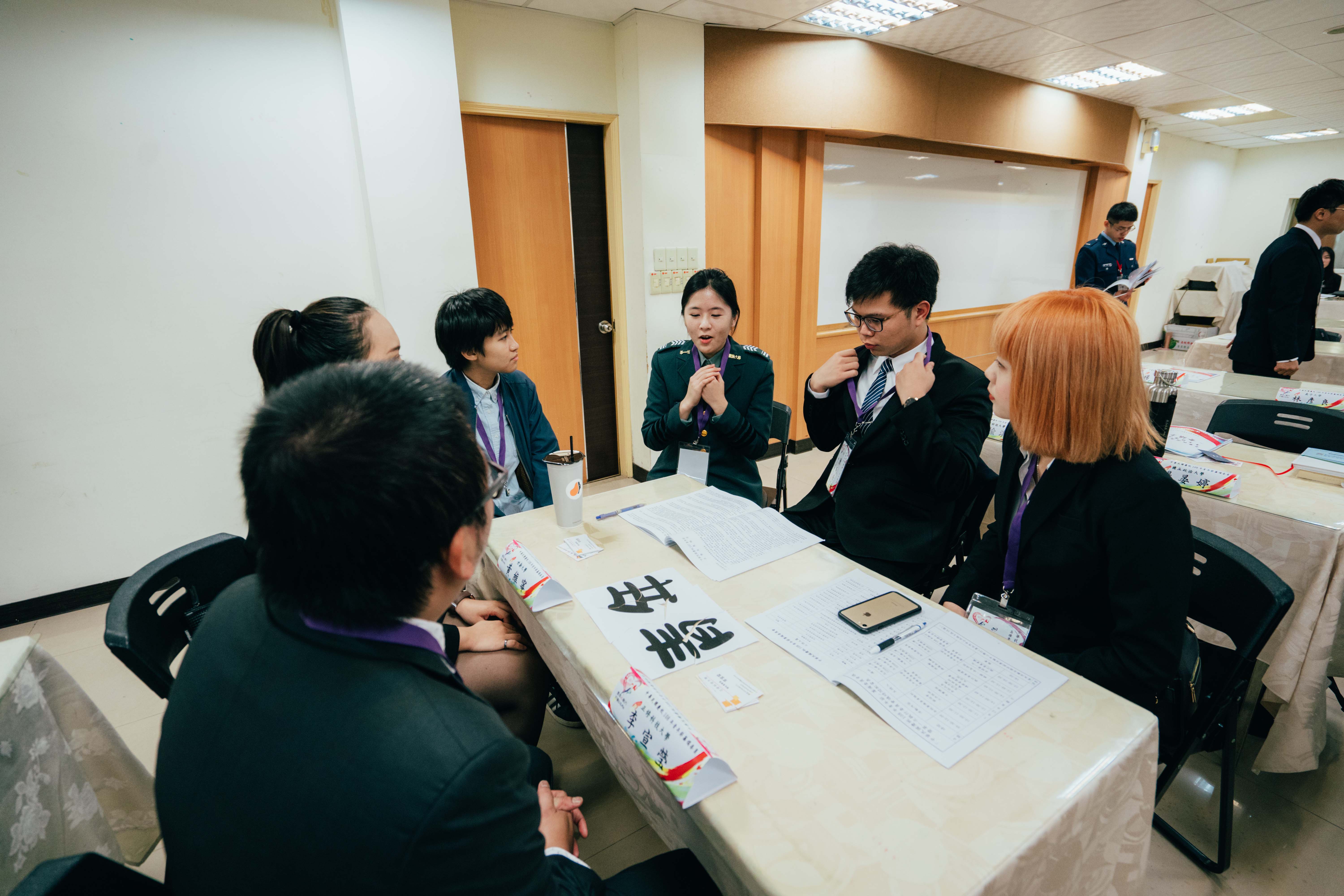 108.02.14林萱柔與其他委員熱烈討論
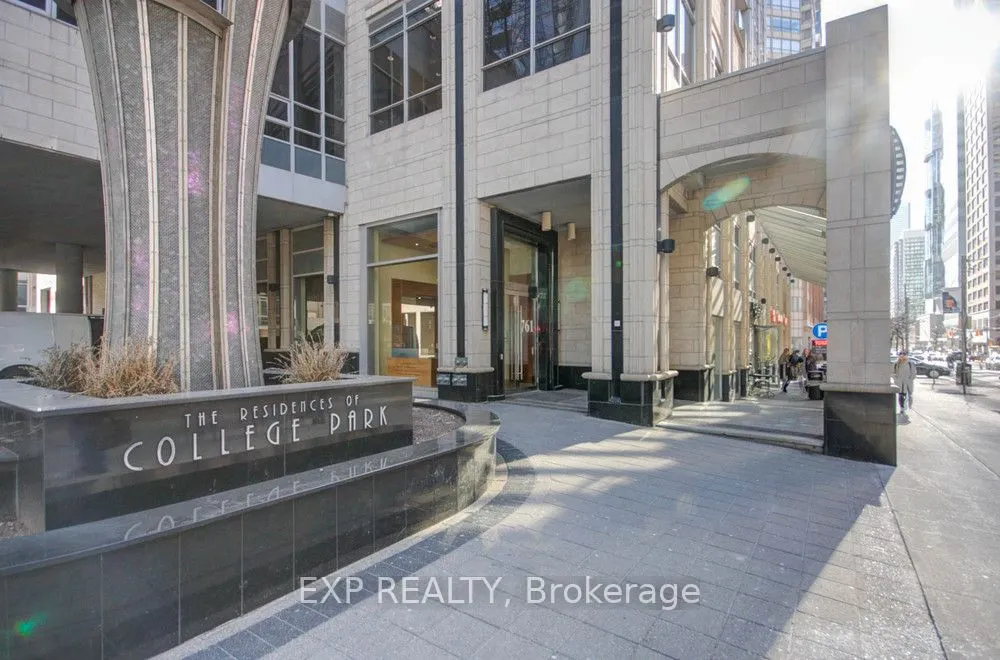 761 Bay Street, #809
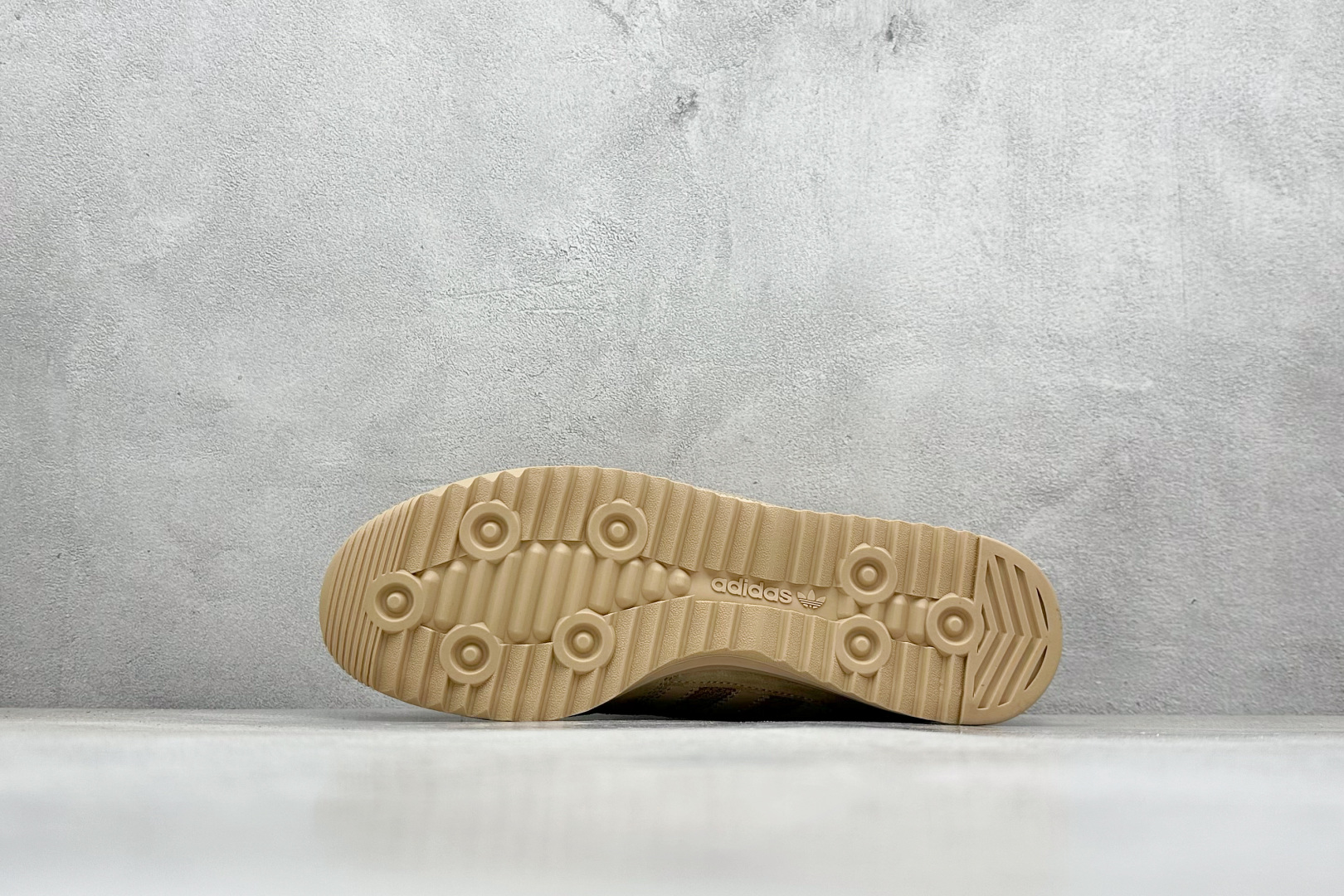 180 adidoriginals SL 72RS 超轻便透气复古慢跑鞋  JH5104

PROBLEM STATEMENT:
Each line above should be printed again exactly, though the pictures should not be.

EXERCISE OUTPUT:
 108.02.14林萱柔與其他委員熱烈討論
 761 Bay Street, #809
 180 adidoriginals SL 72RS 超轻便透气复古慢跑鞋  JH5104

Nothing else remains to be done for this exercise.